◆ **INFORMATION**:
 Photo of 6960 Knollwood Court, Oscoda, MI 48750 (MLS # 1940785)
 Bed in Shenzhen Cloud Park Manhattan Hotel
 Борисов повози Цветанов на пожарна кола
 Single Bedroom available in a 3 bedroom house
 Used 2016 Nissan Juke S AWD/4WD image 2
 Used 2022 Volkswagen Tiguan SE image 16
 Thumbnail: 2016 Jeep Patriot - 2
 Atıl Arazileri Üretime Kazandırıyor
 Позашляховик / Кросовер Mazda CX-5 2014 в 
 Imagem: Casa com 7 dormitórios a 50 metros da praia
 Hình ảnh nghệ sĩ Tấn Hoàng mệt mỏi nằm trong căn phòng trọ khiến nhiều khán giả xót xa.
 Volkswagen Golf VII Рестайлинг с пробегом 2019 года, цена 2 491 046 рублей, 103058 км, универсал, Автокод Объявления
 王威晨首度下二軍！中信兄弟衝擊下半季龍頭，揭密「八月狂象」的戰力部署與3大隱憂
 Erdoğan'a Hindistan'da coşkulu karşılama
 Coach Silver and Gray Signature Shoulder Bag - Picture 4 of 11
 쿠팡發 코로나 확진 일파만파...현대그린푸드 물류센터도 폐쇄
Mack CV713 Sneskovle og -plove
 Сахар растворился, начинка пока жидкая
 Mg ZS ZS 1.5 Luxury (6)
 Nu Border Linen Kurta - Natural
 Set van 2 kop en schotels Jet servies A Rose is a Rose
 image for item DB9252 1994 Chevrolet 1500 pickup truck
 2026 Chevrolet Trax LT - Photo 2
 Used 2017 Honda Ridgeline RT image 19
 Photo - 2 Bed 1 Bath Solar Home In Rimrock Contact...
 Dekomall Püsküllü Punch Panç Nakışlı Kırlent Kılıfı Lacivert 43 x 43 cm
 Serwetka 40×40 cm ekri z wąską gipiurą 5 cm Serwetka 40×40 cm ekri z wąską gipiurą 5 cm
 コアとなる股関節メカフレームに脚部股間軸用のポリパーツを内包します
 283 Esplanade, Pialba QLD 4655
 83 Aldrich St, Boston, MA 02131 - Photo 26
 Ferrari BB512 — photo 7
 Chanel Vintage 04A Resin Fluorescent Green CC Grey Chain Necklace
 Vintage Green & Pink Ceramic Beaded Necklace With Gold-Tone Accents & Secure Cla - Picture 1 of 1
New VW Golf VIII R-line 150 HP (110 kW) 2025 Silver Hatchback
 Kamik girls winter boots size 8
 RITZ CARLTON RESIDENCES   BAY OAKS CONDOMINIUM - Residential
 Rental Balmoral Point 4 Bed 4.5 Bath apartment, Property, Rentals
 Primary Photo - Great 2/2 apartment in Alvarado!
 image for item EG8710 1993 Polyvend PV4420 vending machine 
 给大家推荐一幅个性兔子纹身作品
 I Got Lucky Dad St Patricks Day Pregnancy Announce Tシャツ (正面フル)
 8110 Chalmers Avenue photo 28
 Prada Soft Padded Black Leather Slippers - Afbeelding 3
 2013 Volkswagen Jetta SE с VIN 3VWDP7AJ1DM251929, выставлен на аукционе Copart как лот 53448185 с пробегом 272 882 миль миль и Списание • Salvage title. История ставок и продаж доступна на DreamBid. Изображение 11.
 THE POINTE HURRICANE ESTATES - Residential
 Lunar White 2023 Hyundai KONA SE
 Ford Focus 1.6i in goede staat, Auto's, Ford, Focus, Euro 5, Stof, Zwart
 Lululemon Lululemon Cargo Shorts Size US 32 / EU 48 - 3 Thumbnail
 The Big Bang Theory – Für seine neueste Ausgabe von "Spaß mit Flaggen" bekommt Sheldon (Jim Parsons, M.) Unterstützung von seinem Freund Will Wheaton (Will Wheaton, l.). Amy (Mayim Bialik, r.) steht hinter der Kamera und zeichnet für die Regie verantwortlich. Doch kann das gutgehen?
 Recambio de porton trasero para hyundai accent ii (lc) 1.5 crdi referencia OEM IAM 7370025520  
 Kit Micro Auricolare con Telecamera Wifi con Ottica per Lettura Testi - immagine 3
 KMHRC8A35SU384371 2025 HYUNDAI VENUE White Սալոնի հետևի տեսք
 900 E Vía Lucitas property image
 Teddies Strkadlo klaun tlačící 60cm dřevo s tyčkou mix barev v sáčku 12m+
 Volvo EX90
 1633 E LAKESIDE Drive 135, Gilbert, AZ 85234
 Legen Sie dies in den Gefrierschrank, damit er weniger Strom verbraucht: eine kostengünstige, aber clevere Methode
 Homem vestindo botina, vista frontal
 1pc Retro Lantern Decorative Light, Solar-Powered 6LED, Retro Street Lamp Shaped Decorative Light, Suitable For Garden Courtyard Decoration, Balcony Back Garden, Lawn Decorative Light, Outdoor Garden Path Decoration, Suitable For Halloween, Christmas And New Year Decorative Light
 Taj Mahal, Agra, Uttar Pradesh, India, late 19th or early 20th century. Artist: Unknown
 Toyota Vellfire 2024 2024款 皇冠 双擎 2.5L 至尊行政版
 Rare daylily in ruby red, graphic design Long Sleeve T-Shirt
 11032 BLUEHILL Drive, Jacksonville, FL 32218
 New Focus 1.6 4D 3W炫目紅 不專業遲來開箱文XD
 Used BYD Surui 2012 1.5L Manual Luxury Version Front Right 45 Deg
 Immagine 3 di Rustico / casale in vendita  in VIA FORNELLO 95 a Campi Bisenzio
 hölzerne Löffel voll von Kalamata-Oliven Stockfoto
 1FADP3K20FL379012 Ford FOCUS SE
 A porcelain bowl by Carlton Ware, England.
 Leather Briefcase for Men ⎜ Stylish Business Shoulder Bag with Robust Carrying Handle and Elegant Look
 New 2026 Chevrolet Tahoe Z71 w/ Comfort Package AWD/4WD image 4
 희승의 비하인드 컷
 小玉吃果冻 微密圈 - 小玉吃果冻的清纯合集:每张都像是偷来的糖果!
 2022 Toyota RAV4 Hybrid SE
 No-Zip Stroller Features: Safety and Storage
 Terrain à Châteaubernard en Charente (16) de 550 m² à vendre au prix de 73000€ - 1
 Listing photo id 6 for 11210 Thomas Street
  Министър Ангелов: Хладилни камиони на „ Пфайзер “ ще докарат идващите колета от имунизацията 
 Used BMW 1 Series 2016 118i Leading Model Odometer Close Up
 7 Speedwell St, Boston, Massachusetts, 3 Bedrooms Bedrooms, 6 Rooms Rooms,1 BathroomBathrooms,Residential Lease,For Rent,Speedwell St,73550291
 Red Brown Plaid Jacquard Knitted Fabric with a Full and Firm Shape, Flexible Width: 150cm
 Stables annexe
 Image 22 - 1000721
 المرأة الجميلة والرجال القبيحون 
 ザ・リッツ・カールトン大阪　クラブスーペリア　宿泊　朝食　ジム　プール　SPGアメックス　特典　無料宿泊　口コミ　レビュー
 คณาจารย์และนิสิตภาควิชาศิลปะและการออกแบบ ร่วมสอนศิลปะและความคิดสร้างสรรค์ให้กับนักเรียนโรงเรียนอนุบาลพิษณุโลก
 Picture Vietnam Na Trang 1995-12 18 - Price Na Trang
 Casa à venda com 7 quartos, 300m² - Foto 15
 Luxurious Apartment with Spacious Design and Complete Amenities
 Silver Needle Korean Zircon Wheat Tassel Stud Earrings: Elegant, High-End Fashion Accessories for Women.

◆ **WORK REQUIRED**:
Where a line in the records above contains the word "Drive", copy that line.

◆ **TASK ANSWER**:
 1633 E LAKESIDE Drive 135, Gilbert, AZ 85234
 11032 BLUEHILL Drive, Jacksonville, FL 32218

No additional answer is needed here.